Open CecSve opened 1 month ago
Perhaps a table specifying what is EML profile required, IPT metadata required, similar to this table. Additional information on what is EML-derived and what are GBIF-specific elements would be nice a well, similar to the logo we add in the definition of this table specifying whether it is a GBIF term or a data standard term.
We need to avoid publishing conflicting information.
There are terms with a strict technical requirement enforced by the data format — an EML document is invalid without them. These are specified in the XSD schema definition in the case of EML / GBIF's EML profile.
There are additional terms where the requirement is enforced by our API or other processing, e.g. licence.
And there are terms where we write that they are required, but there's no technical enforcement of this: https://www.gbif.org/data-quality-requirements-occurrences — occurrenceID, basisOfRecord, scientificName, eventDate.
The GBIF Metadata Profile document could be migrated into the tech docs: https://ipt.gbif.org/manual/en/ipt/latest/gbif-metadata-profile
As it's in the IPT at present, it has complete Spanish and Japanese translations and we don't want to lose these.
I will take relevant sections of the metadata profile guide and move them to a dedicated page on metadata in tech docs. I will first commit entire sections as is, then create new commits for edits, so it is possible to add translations from the original section.
The removed sections in the IPT manual will stay in during the transition phase and contain links to the relevant section in tech docs.

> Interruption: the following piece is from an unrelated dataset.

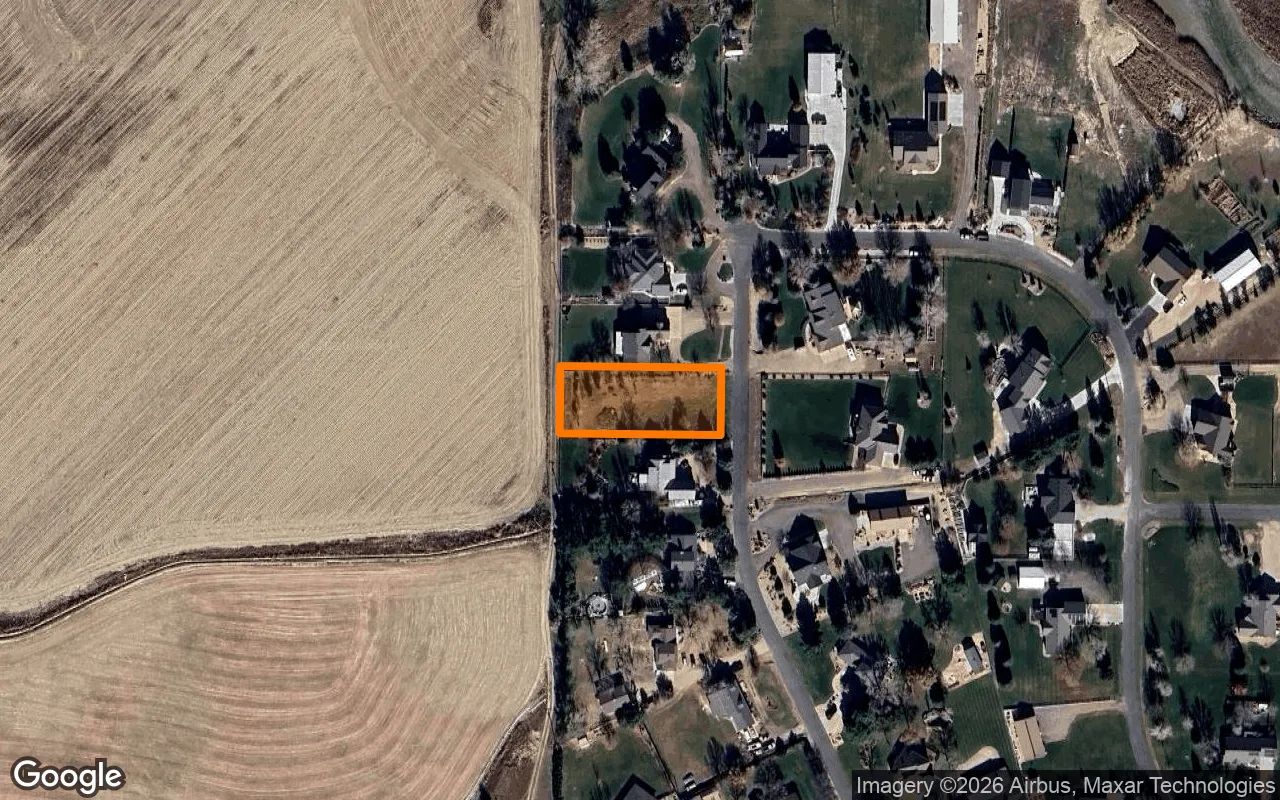 0.55 Acres in Greeley - Weld County, CO in Weld County, CO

I think it is not possible with the current format we have for the eml-profile, but it would be nice if we could harvest the definitions from the schema itself instead of copy-pasting. Would we need to generate XML schema documentation to transfer the descriptions in the current GBIF EML Profile?
For the Darwin Core Archive core/extension XML I used a Python script to generate a snippet of AsciiDoctor: https://github.com/gbif/tech-docs/blob/main/en/data-use/modules/ROOT/partials/download-terms-tables.py
Based on the discussion here https://github.com/gbif/doc-freshwater-data-publishing-guide/issues/20
It is unclear for publishers what is required and not required metadata. There may be differences between EML (or GBIF Metadata Profile) and the IPT's metadata editor interface that should be resolved.